The Open World of Micro-Videos

Phuc Xuan Nguyen,Gregory Rogez,Charless Fowlkes,Deva Ramanan
DOI: https://doi.org/10.48550/arXiv.1603.09439
2016-04-01
Abstract:Micro-videos are six-second videos popular on social media networks with several unique properties. Firstly, because of the authoring process, they contain significantly more diversity and narrative structure than existing collections of video "snippets". Secondly, because they are often captured by hand-held mobile cameras, they contain specialized viewpoints including third-person, egocentric, and self-facing views seldom seen in traditional produced video. Thirdly, due to to their continuous production and publication on social networks, aggregate micro-video content contains interesting open-world dynamics that reflects the temporal evolution of tag topics. These aspects make micro-videos an appealing well of visual data for developing large-scale models for video understanding. We analyze a novel dataset of micro-videos labeled with 58 thousand tags. To analyze this data, we introduce viewpoint-specific and temporally-evolving models for video understanding, defined over state-of-the-art motion and deep visual features.
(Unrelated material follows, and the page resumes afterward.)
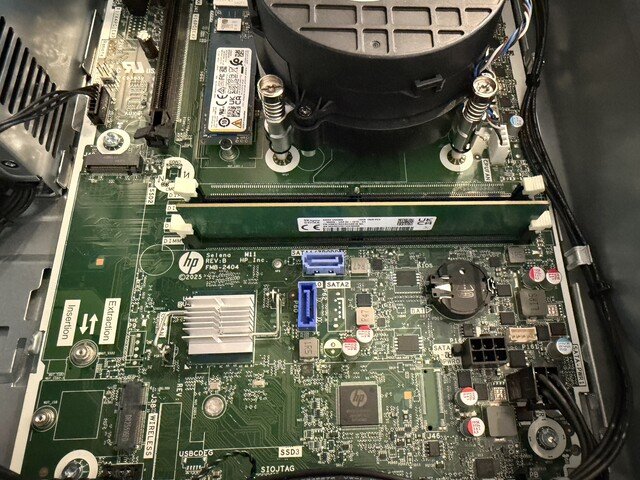 Sloty RAM na základní desce HP ProDesk SFF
We conclude that our dataset opens up new research opportunities for large-scale video analysis, novel viewpoints, and open-world dynamics.
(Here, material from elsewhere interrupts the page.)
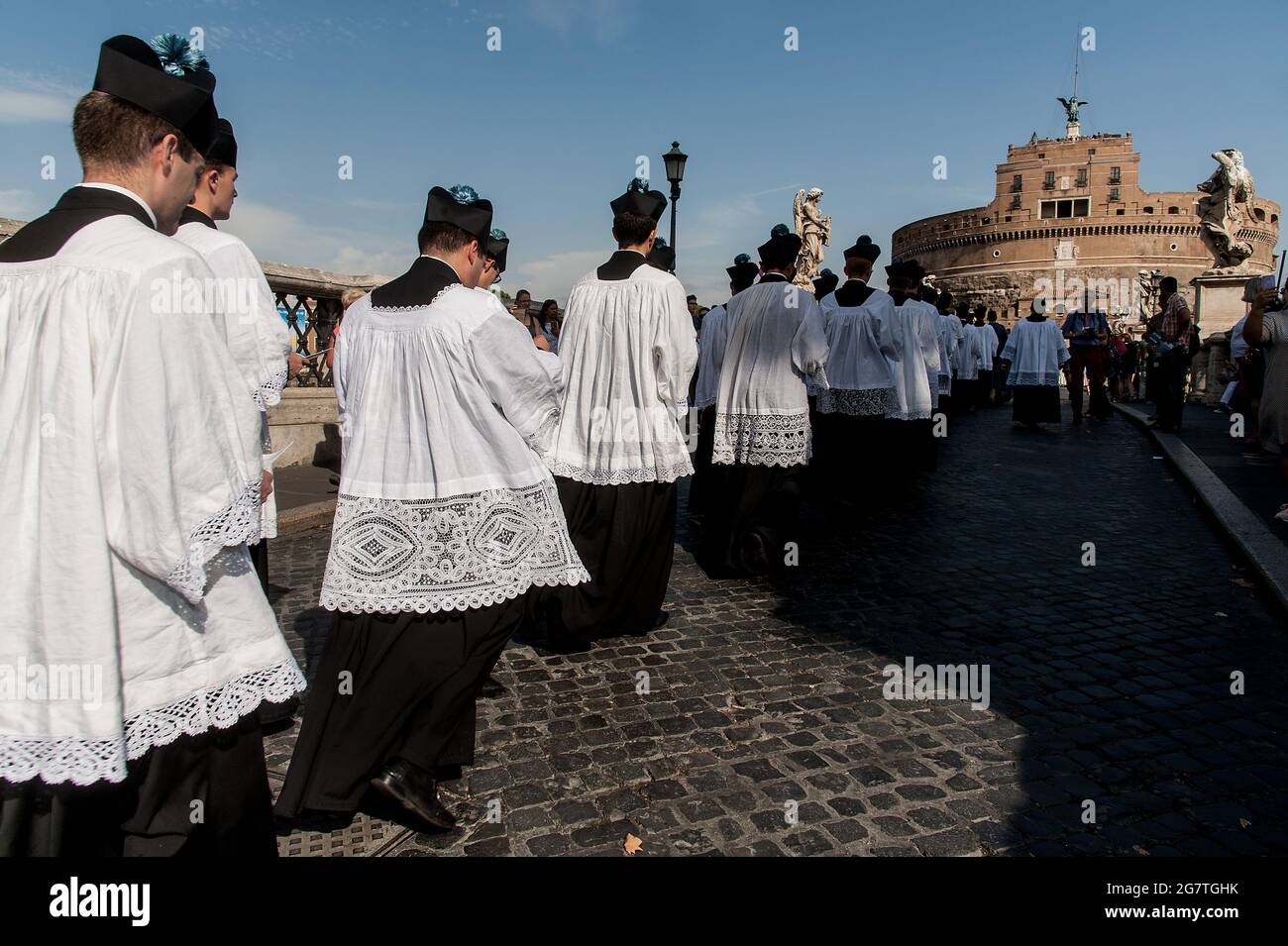 Rom, Italien. September 2017. 16. September 2017 : die Priester beten den salm während der feierlichen Prozession anlässlich der Pilgerfahrt zum zehnten Jahrestag des Motu proprio von Papa Benedetto XVI. „Summorum Pontificum“ in der engelsburg in Rom. Kredit: Unabhängige Fotoagentur/Alamy Live Nachrichten Stockfoto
Computer Vision and Pattern Recognition
What problem does this paper attempt to address?
The problems that this paper attempts to solve mainly focus on the following aspects: 1. **Large - scale video analysis**: The paper proposes a new large - scale video dataset, which contains 260,000 micro - videos. These videos are tagged with 58,000 labels. These micro - videos have unique properties, such as high diversity, rich narrative structures, special perspectives (for example, third - person, first - person and selfie perspectives), and open - world dynamics that evolve over time. These problems make existing computer vision methods and benchmark tests difficult to handle this type of data. 2. **Perspective modeling**: The paper emphasizes the importance of different perspectives in micro - videos, including third - person, first - person and selfie perspectives. Compared with traditional video datasets, the micro - video dataset contains a wider range of perspectives and richer narrative content. The paper analyzes these differences by introducing perspective - specific models, which can better capture the changes in video content under different perspectives. 3. **Open - world dynamics**: Micro - videos are usually accompanied by tags (such as #tags), which are not only used for searching, but also play an important role in social communication. These tags form an open vocabulary, and their usage frequency and semantics change dynamically over time. The paper explores how to learn in an open - world, especially when the label distribution follows long - tail statistics and changes over time. This provides new opportunities for exploring lifelong learning. 4. **Video understanding**: The paper also explores how to use state - of - the - art motion features and deep visual features to build video understanding models. These models can handle the complex dynamics in micro - videos, including perspective changes, time evolution, etc. Through experimental verification, the paper shows the effectiveness and potential of these models in large - scale video analysis. In conclusion, this paper aims to solve the deficiencies of existing computer vision methods in handling diversity and dynamic changes by analyzing large - scale micro - video datasets, thereby promoting the development of video understanding technology.